Figuras desse naipe também são os legítimos representantes dos interesses dos brasileiros e arquitetos do futuro da Nação.

O sonho dos conselhos não faz sentido?

Publicado em junho/1999

Promessa não é dívida

Chico Alencar, professor de História e deputado estadual/PT/RJ, em artigo no JB de 22/4/00, afirma: “Os processos sociais abortados e as revoluções interrompidas são fruto do esmero das classes dominantes brasileiras, ao longo desses cinco séculos, de impedir o acesso à informação crítica à imensa massa herdeira da população escrava. Política é escolha e informação. Sem informação, a política se reduz à cultura da delegação, que é você poder eleger do vereador ao presidente da República e achar que isso é democracia. Isso é apenas um elemento da representação política, mas se não vier junto com um acompanhamento crítico dos mandatos, é pura delegação, uma das principais marcas da política brasileira dos tempos atuais. Autoritarismo, paternalismo, machismo, patriarcalismo, coronelismo, populismo e individualismo são algumas das características da política praticada pelas elites brasileiras desde o tempo da Colônia”.

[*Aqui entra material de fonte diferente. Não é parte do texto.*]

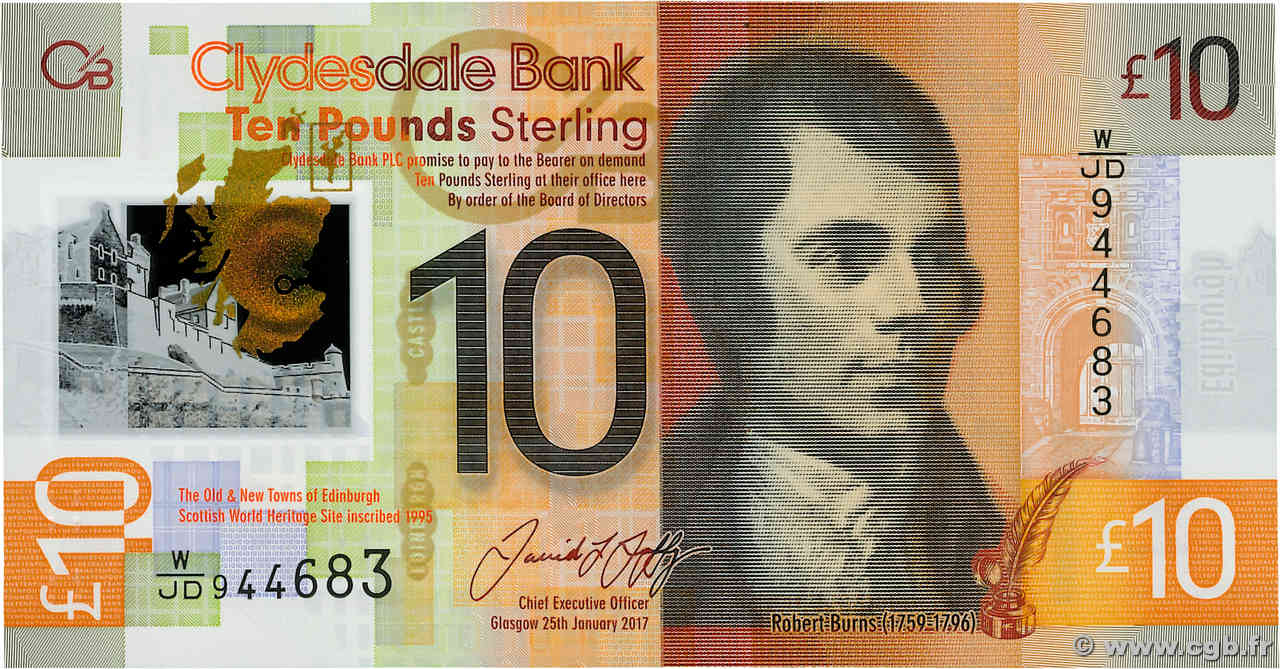 10 Pounds ÉCOSSE  2017 P.229Q NEUF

Ainda segundo o professor Chico Alencar, Darcy Ribeiro, um dos maiores brasilianistas de todos os tempos teria dito, em sua irreverência característica que “somos um país de desfeitos, afogados na ninguendade”. Em outras palavras, isso quer dizer que a grande massa ainda está longe de se livrar da manipulação política que prevalece no modelo brasileiro desde priscas eras, sendo que o esclarecimento adquirido, habilitado por maciça informação típica do século que se finda pouco tem revertido o quadro de vulnerabilidade ao convencimento fácil por parte dos políticos, muitas vezes, inacreditavelmente, em troca de pequenos favores e promessas que o próprio eleitor sabe de antemão que não poderão ser cumpridas.

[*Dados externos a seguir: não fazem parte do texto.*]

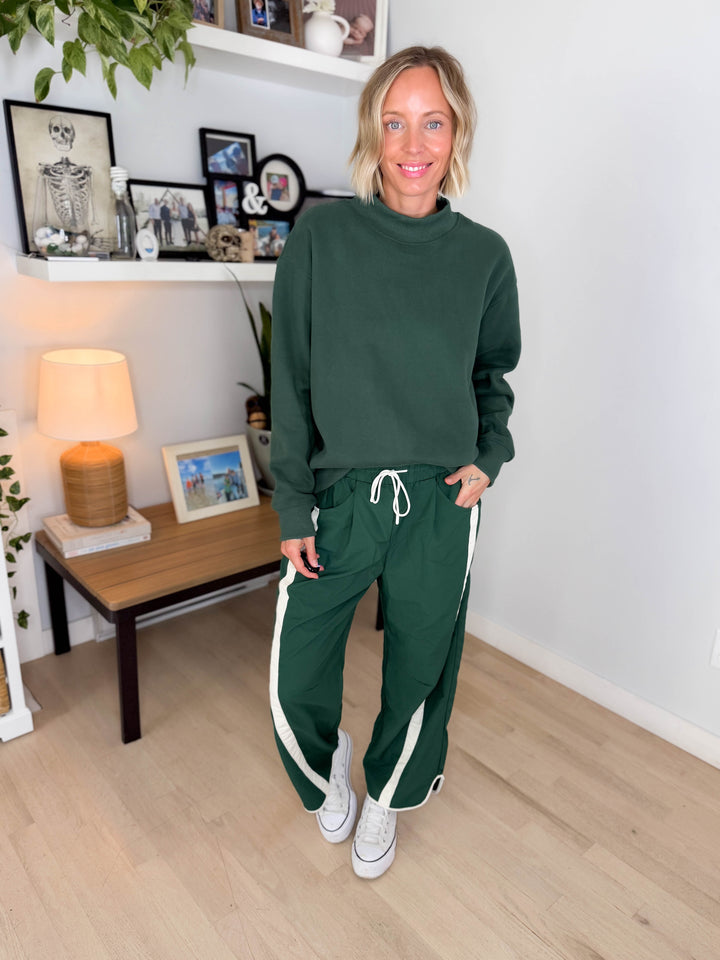Kara Mock Neck Sweatshirt- HUNTER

Emprego público é talvez o favor que desperta mais cobiça e atração. Promessas de colocação estão no topo da hipocrisia, que são seguidas por doações de pequenos materiais e serviços. Encerradas as eleições, entretanto, a imensa maioria fica a chupar o dedo, aguardando eternamente seu sonhado emprego, fato que precipita um círculo vicioso que jamais tem fim: aquele que prometeu e que obviamente não pôde cumprir transfere a preferência do voto desse eleitor para os adversários e vice-versa.

Resumindo: o político de respeito nada oferece individualmente, mas obtém conquistas de interesse coletivo; o eleitor consciente, lúcido, nada pede para si somente, vota naquele em quem confia para depois cobrar-lhe benefícios que contemplem a todos.